Thursday, March 12, 2009
The San Jose Mercury News reports that Northern California's health and human service charities have been hard hit by the financial crisis. According to a recent survey by the Silicon Valley Council on Nonprofits (which, ironically, does not appear to have an active website), more than half of the 100 nonprofits surveyed expected layoffs in the near future. Such charities are predictably experiencing both an increasing demand for their services and a decline in both government and private funding. For example, the article reports that West Valley Community Services, which provides emergency assistance for low-income seniors and families, has seen the number of households requesting help jump from 25 to 30 percent over the previous year even as local governments in Santa Clara County and San Jose cut social service spending.
The Washington Post has a front-page story detailing similar pressures on social service agencies in South Carolina, which is being aggravated by state decisions both to cut funding for nonprofits and to ask for the ability to direct federal stimulus payments to lower state debt instead of for new spending. For example, the Department of Social Service has cut contracts with nonprofits by an average of 10 percent for such services as emergency shelters and employment training programs. Private funding sources have also seen shortfalls, with the United Way of the Midlands in Columbia still more than a $1 million short of its $12.2 million goal for its about-to-end annual campaign.

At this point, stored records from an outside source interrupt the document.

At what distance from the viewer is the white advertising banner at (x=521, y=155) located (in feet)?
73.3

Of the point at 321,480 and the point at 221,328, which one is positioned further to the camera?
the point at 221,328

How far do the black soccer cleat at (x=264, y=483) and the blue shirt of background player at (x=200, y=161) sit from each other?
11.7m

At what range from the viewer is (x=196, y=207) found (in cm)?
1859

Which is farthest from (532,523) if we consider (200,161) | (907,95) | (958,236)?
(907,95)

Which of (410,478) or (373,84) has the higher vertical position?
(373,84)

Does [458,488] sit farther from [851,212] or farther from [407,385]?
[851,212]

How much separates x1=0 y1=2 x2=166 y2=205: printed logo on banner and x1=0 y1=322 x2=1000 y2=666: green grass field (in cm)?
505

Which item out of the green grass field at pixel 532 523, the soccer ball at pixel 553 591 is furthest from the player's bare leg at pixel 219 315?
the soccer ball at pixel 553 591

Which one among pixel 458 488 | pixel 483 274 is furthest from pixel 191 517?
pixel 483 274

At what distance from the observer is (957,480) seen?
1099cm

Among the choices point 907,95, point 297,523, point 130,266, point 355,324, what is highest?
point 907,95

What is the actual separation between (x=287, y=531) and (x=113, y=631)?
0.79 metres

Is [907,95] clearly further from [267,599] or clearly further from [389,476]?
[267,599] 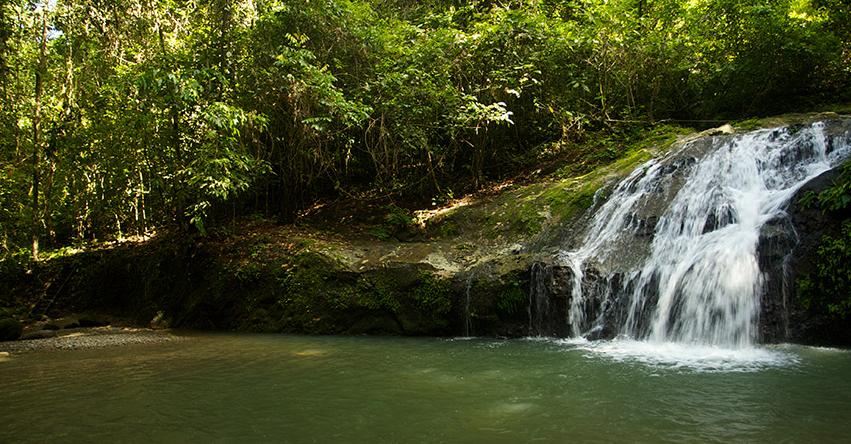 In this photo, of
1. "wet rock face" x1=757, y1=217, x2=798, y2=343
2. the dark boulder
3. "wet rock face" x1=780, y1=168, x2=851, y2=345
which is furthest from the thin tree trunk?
"wet rock face" x1=780, y1=168, x2=851, y2=345

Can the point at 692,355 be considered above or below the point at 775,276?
below

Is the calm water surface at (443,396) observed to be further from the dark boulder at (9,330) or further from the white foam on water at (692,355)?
the dark boulder at (9,330)

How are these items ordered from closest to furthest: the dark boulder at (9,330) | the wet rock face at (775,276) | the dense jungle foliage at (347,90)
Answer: the wet rock face at (775,276), the dark boulder at (9,330), the dense jungle foliage at (347,90)

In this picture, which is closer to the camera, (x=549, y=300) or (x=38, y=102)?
(x=549, y=300)

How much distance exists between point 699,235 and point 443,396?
4890 mm

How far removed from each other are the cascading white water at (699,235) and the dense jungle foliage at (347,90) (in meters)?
2.85

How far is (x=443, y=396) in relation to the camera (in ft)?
14.6

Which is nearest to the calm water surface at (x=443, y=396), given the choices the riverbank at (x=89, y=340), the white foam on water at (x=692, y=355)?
the white foam on water at (x=692, y=355)

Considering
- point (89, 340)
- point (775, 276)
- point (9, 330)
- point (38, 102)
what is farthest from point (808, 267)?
point (38, 102)

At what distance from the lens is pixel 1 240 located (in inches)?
562

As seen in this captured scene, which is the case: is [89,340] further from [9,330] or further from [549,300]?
[549,300]

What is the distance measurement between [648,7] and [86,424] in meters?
14.6

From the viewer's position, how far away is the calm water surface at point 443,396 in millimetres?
3574

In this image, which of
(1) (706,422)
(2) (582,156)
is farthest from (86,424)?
(2) (582,156)
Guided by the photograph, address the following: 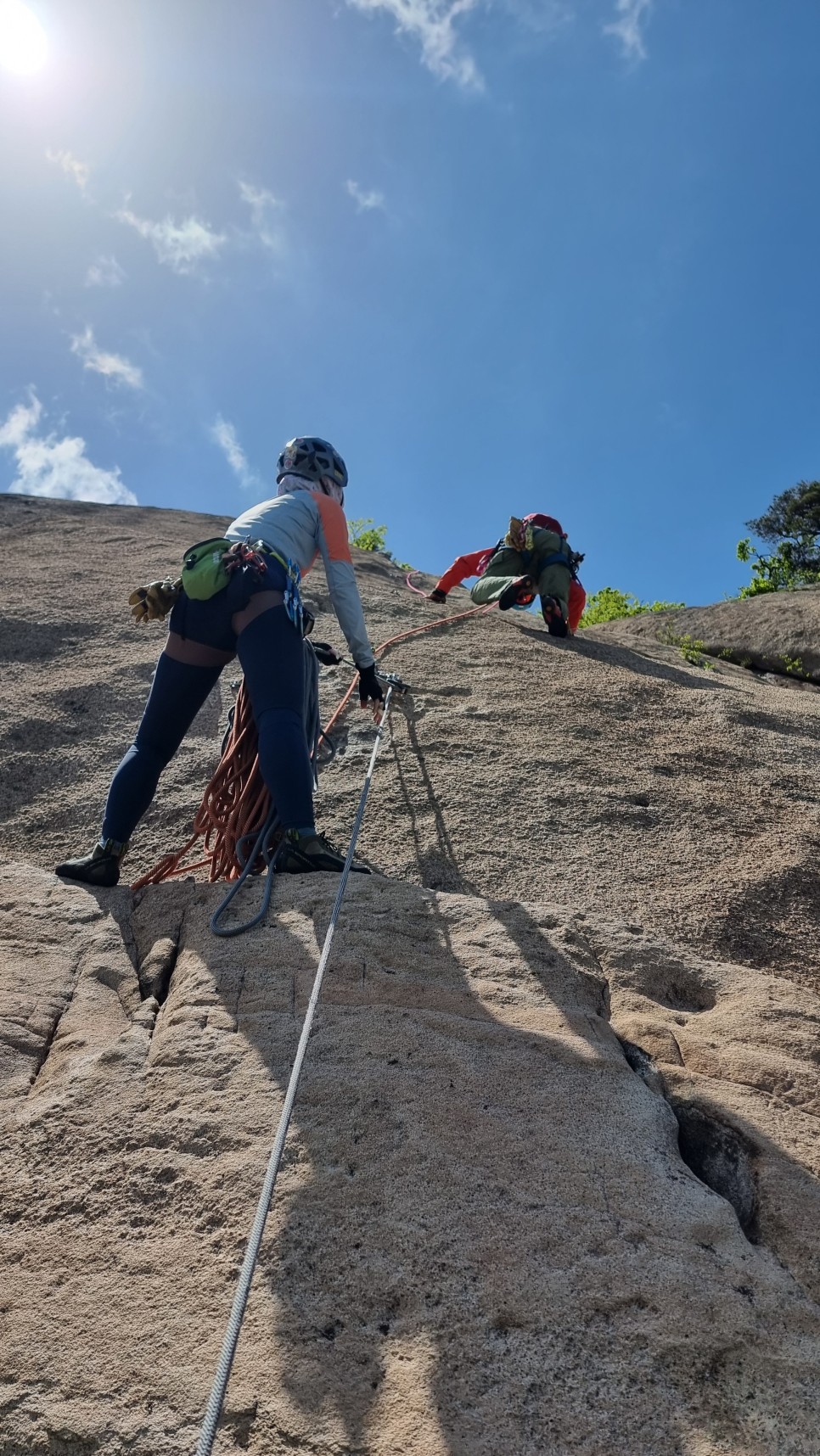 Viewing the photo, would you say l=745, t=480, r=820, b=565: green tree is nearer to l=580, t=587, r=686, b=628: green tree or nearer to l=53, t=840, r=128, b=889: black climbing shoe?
l=580, t=587, r=686, b=628: green tree

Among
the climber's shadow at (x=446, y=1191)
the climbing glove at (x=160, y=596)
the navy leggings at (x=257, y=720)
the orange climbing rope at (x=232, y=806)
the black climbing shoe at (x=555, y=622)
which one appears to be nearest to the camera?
the climber's shadow at (x=446, y=1191)

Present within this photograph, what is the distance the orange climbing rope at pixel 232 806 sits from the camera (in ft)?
8.89

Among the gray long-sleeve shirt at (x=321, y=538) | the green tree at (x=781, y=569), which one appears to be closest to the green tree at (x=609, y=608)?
the green tree at (x=781, y=569)

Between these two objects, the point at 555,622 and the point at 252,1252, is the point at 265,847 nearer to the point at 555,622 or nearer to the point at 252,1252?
the point at 252,1252

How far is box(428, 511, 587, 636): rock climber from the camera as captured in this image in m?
6.16

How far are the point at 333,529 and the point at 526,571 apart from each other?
371 cm

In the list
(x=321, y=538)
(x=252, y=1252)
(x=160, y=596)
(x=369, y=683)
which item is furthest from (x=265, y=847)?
(x=252, y=1252)

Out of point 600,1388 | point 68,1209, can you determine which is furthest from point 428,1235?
point 68,1209

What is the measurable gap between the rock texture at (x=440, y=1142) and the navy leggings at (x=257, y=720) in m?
0.24

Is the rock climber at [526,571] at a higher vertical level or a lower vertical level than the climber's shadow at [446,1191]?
higher

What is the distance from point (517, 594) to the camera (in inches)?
242

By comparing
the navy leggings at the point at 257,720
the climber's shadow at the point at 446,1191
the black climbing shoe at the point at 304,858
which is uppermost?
the navy leggings at the point at 257,720

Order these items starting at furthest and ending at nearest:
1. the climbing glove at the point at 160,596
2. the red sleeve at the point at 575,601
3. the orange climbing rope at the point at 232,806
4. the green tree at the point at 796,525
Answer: the green tree at the point at 796,525, the red sleeve at the point at 575,601, the climbing glove at the point at 160,596, the orange climbing rope at the point at 232,806

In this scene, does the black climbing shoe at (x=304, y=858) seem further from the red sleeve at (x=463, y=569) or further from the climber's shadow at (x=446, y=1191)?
the red sleeve at (x=463, y=569) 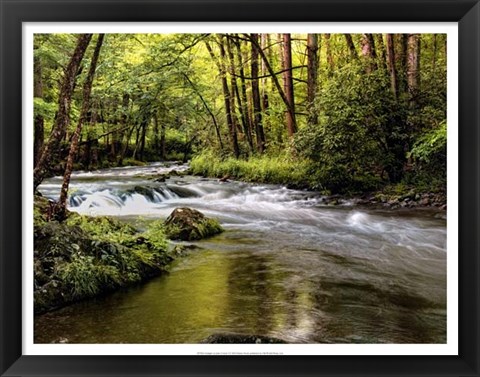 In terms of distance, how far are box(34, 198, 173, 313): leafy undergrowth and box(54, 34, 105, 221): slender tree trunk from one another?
60 mm

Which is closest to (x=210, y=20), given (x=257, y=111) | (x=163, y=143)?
(x=257, y=111)

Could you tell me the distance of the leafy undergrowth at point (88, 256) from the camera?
7.63 feet

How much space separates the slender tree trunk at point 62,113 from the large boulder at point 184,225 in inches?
26.5

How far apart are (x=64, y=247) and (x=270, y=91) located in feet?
4.51

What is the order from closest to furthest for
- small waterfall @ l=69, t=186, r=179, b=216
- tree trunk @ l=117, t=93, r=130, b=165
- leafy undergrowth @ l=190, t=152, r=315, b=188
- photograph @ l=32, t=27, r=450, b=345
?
photograph @ l=32, t=27, r=450, b=345 < small waterfall @ l=69, t=186, r=179, b=216 < tree trunk @ l=117, t=93, r=130, b=165 < leafy undergrowth @ l=190, t=152, r=315, b=188

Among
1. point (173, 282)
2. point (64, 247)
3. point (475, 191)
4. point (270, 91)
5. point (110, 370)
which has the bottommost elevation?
point (110, 370)

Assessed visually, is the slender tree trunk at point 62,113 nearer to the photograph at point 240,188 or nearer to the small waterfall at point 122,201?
the photograph at point 240,188

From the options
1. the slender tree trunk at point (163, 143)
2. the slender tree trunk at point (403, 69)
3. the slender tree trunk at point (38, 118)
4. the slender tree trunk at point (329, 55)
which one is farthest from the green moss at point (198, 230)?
the slender tree trunk at point (403, 69)

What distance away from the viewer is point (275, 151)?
2.70 meters

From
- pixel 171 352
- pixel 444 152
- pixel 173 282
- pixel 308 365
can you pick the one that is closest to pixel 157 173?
pixel 173 282

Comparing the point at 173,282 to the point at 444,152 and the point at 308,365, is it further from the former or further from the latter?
the point at 444,152

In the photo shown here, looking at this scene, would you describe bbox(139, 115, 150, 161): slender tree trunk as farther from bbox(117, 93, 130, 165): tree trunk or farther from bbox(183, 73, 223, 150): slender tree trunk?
bbox(183, 73, 223, 150): slender tree trunk

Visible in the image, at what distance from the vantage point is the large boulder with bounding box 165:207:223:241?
2.53m

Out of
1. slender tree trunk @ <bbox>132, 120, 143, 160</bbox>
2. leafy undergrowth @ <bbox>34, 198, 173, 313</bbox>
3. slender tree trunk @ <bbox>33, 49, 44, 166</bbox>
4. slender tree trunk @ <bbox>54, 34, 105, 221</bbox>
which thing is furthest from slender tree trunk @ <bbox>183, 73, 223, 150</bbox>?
slender tree trunk @ <bbox>33, 49, 44, 166</bbox> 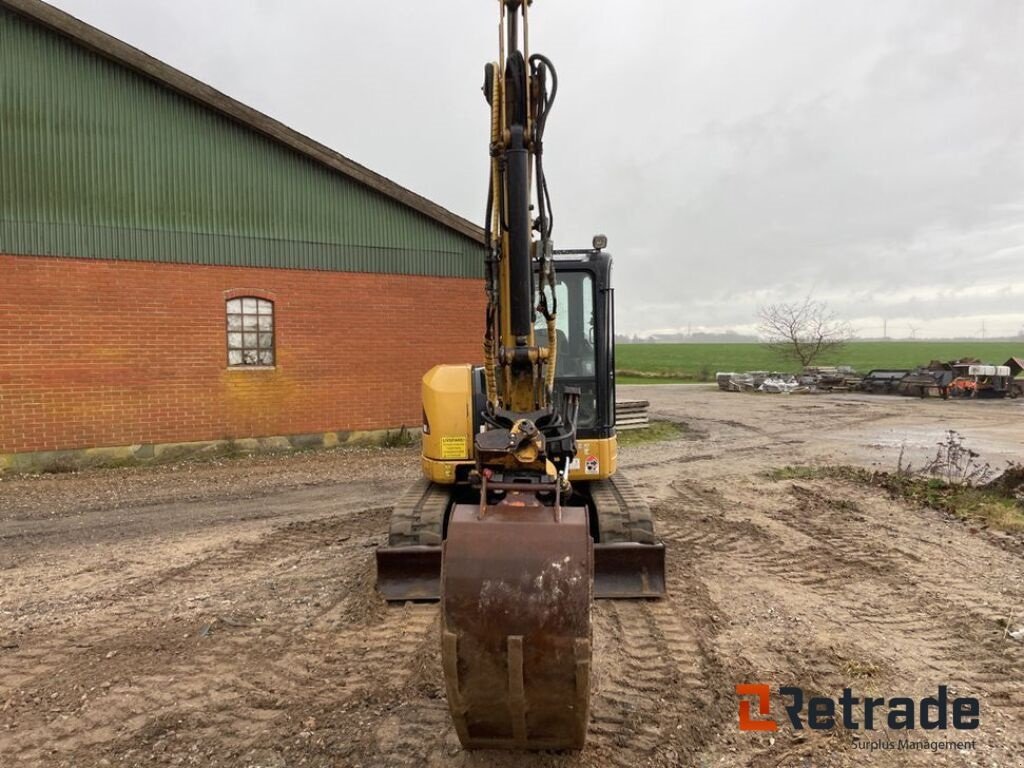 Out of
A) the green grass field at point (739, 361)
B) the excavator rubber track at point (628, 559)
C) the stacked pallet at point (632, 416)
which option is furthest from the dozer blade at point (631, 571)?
the green grass field at point (739, 361)

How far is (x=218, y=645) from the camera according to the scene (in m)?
4.84

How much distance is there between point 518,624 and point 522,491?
875mm

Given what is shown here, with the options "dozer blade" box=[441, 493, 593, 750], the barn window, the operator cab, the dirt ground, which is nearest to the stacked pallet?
the dirt ground

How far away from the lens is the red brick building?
11188mm

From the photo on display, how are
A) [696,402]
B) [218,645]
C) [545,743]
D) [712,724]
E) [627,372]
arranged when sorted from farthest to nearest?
[627,372] < [696,402] < [218,645] < [712,724] < [545,743]

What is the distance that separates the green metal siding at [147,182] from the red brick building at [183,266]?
26 mm

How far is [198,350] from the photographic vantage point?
12492 millimetres

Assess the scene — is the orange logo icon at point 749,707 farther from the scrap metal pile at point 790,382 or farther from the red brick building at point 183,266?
the scrap metal pile at point 790,382

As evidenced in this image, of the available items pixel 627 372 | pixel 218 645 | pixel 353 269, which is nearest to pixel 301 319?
pixel 353 269

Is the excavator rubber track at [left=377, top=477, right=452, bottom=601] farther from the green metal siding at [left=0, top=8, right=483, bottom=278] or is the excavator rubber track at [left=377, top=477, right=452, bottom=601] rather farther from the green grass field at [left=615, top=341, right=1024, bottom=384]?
the green grass field at [left=615, top=341, right=1024, bottom=384]

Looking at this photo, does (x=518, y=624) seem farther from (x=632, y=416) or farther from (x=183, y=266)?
(x=632, y=416)

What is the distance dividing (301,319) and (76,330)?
12.2ft

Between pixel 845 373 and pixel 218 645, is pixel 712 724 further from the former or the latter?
pixel 845 373

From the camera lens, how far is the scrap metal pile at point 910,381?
26750 mm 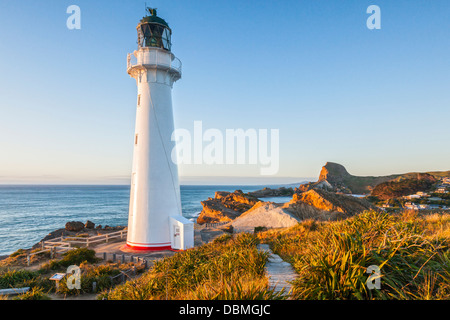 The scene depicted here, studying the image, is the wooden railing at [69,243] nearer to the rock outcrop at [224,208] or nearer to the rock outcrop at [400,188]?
the rock outcrop at [224,208]

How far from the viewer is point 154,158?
16.3 metres

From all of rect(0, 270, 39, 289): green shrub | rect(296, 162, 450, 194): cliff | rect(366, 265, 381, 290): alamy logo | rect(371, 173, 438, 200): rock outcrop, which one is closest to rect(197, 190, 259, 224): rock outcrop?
rect(371, 173, 438, 200): rock outcrop

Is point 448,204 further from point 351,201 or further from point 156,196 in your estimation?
point 156,196

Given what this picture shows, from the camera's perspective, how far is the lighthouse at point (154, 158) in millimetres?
16219

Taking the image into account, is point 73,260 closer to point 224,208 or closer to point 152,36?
point 152,36

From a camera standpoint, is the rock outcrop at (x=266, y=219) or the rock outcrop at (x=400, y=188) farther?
the rock outcrop at (x=400, y=188)

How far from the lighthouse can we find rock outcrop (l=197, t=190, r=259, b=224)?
95.6ft

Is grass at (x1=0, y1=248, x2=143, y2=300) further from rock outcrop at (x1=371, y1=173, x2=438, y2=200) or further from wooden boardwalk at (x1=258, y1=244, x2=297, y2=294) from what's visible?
rock outcrop at (x1=371, y1=173, x2=438, y2=200)

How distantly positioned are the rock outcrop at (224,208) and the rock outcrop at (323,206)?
1592 centimetres

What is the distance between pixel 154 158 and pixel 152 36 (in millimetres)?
8345

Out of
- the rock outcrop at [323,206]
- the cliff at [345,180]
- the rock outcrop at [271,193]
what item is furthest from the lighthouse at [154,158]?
the cliff at [345,180]

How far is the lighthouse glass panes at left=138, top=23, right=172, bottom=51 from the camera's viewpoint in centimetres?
1711

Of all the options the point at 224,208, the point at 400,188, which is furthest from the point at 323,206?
the point at 400,188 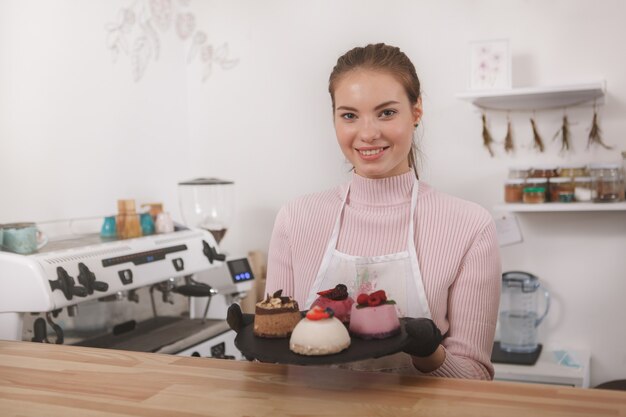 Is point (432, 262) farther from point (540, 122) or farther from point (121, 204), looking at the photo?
point (540, 122)

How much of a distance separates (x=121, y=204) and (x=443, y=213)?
53.1 inches

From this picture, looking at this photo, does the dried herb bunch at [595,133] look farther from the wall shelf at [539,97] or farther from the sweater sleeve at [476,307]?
the sweater sleeve at [476,307]

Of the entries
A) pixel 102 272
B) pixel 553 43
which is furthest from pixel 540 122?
pixel 102 272

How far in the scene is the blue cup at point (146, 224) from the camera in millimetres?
2643

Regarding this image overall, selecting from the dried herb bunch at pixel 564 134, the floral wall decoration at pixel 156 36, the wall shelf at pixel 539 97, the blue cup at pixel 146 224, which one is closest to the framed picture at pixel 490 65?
the wall shelf at pixel 539 97

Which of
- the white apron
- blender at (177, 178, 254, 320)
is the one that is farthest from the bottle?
the white apron

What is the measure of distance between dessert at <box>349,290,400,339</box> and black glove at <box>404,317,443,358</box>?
3 cm

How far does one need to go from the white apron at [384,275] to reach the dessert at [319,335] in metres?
0.39

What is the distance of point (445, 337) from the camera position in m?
1.57

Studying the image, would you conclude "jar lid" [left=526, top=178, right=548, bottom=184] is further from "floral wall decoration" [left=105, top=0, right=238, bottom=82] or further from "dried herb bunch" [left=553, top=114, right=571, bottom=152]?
"floral wall decoration" [left=105, top=0, right=238, bottom=82]

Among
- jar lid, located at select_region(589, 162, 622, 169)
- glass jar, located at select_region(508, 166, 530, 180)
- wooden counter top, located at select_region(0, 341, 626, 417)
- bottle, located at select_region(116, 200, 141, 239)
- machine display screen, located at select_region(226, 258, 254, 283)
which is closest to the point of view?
wooden counter top, located at select_region(0, 341, 626, 417)

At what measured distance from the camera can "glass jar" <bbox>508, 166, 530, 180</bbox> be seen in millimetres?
2963

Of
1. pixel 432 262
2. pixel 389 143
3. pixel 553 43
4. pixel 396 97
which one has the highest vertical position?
pixel 553 43

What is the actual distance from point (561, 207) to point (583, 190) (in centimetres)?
13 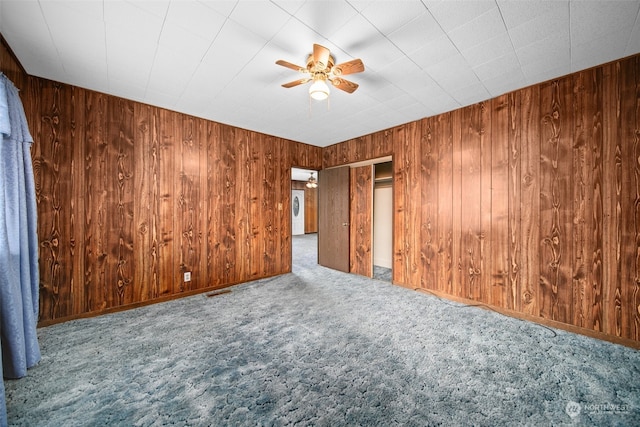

The Atlanta-Journal Constitution also had a similar report earlier this week, detailing how social service programs in that part of the country are also facing the double whammy of rising demand and shrinking revenues. For example, the Center for Family Resources, which provides a variety of services to low-income families, saw a 30 percent increase in the number of people seeking its assistance in 2008 but faces a more than 10 percent budget cut in 2009 because of reduced donations that has led to a hiring freeze, layoffs, and reduced employee benefits. The article cites similar trends for other social service organizations in the Atlanta region.